**Supplied information:**

▬▬▬▬▬▬

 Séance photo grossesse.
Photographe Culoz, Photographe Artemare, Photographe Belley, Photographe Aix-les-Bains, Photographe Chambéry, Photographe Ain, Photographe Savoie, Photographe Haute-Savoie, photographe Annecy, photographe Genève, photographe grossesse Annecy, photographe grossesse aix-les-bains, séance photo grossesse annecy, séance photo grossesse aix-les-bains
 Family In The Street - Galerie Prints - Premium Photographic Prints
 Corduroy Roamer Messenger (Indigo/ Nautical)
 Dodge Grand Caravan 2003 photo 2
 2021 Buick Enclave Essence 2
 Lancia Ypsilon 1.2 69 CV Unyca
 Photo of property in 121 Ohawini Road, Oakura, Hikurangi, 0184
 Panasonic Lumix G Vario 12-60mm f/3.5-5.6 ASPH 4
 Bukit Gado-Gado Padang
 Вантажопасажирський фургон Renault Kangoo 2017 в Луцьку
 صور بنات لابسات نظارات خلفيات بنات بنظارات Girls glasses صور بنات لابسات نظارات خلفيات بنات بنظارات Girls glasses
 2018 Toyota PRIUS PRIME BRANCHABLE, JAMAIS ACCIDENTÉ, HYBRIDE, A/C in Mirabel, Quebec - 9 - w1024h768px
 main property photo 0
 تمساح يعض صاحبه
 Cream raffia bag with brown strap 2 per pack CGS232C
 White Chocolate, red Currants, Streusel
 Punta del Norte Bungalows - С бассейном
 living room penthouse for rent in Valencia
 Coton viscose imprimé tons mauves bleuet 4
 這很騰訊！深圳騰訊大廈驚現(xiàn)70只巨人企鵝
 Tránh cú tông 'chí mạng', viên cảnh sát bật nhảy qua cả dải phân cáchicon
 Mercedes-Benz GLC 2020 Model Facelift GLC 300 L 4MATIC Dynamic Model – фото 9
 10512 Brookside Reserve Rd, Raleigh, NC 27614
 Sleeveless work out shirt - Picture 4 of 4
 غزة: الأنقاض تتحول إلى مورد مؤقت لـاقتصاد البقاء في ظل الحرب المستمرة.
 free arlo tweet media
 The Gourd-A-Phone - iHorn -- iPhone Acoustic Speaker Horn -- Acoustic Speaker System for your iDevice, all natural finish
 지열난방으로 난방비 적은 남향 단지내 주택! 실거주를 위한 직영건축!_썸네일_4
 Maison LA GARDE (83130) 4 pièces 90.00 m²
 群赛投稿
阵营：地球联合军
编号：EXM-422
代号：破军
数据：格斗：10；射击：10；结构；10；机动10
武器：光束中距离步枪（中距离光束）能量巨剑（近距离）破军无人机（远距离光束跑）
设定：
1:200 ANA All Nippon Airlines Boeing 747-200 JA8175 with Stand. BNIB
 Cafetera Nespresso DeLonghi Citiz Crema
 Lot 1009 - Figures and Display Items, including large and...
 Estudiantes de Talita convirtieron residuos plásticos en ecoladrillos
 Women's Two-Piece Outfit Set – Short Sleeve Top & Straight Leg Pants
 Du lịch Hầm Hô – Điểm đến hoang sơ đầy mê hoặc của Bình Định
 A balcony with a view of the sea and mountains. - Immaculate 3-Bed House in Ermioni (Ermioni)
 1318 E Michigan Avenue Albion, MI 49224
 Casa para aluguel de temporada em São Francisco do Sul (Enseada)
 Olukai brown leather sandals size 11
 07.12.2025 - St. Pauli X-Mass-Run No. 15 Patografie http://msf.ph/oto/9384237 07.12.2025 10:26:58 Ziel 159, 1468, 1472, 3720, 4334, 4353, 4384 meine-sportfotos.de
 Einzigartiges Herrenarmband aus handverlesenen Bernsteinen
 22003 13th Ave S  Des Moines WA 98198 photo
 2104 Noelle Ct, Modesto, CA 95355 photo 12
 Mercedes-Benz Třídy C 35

▬▬▬▬▬▬

**What you will do:**
The answer should be a number alone: how many lines of the entries hold the word "with"?

**Final answer:**
3